Months of protests and rallies — following this summer’s police killings of Black Americans and heading into the Nov. 3 election — culminated in clashes at a rally last Friday. Rebuking what he called “acts of aggression” at the rally, Ithaca Police Chief Dennis Nayor warned against violence in anticipation of a second face off this weekend.
“Support for any position must occur peacefully and if any participant from either side has any intent other than peacefully demonstrating, then I implore you to stay home,” Nayor wrote in a media release, calling the violence at last week’s rally and counterprotest “unacceptable.”
On Oct. 16, counterprotesters shut down a Trump rally hosted on Meadow St. by Nancy and Jim Crawford of Tompkins County Republicans. Over the course of two hours, multiple fights broke out, and counterprotesters organized by Ithaca Democratic Socialists of America blocked traffic and set Trump hats and signs on fire.
Back the Blue Tompkins County will rally again on Oct. 24 at the Bernie Milton Pavilion on the Ithaca Commons in response to “anti-police sentiment both locally and nationally,” according to rally organizer Rocco Lucente, the 2019 chair of the Ulysses Republican party. The rally aims to show support for local law enforcement “who too often have been unfairly maligned by local politicians and the local media,” according to the event’s Facebook page.
Nayor wrote that there are indications more violence could occur at the upcoming rally and counter protest, and that the Ithaca Police Department has proactively coordinated with other local police departments to respond to any violence should it occur. Nayor declined to comment further.

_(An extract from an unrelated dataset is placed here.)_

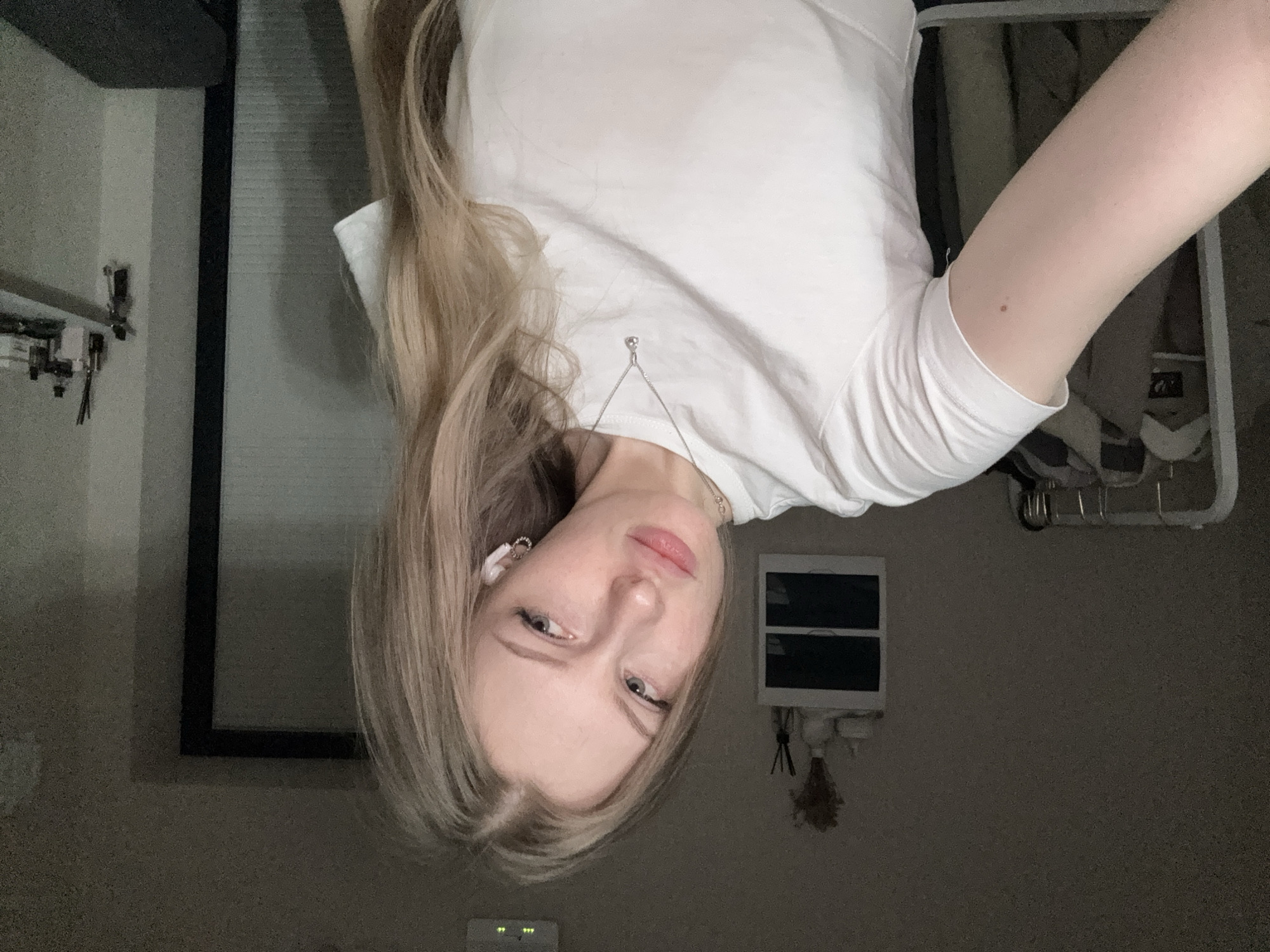 The image features a young woman with long, straight blonde hair and fair skin, looking directly at the viewer. She is wearing a white short-sleeved t-shirt and a delicate silver necklace with a small, round pendant. A white earbud is visible in her left ear, suggesting she might be listening to something. Her expression is neutral to slightly contemplative, with her lips subtly parted.
The setting is an indoor environment, likely a room in a home. The lighting is dim and appears to be artificial, implying it may be evening or a space with limited natural light. In the background, to the woman's left, there is a light-colored wall with what appears to be a dark-framed window or mirror. To her right, vaguely discernible elements suggest a closet or clothes rack with hangers. Below this, a small, dark decorative item, possibly dried flowers, hangs on the wall, alongside a white rectangular object. In the lower-central part of the background, a digital display is visible, showing "5:00" and three small dots beneath it, which could indicate the time. The overall atmosphere is casual and personal, consistent with a self-portrait taken in a private space. The location context provided is Perm, Russia.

While IPD supports the right to assemble, Nayor continued, it “will not tolerate acts of violence or vandalism.” He added that he has reached out to “organizers and affiliates from all parties” to discourage violence, but “cannot guarantee safety at non-permitted events such as protests.”
After incidents of graffiti on IPD headquarters at an Oct. 12 rally for Black lives, officers arrested a minor and Tompkins County resident Lucas Bonnet. Fellow protesters said that neither of these individuals were directly involved in the graffiti.
The Oct. 12 arrests of protesters were the first made in the 20 weeks of weekly Sunday rallies for Black lives. At the Oct. 16 demonstrations, IPD arrived at the scene but no arrests were made during the physical altercations and damage to property.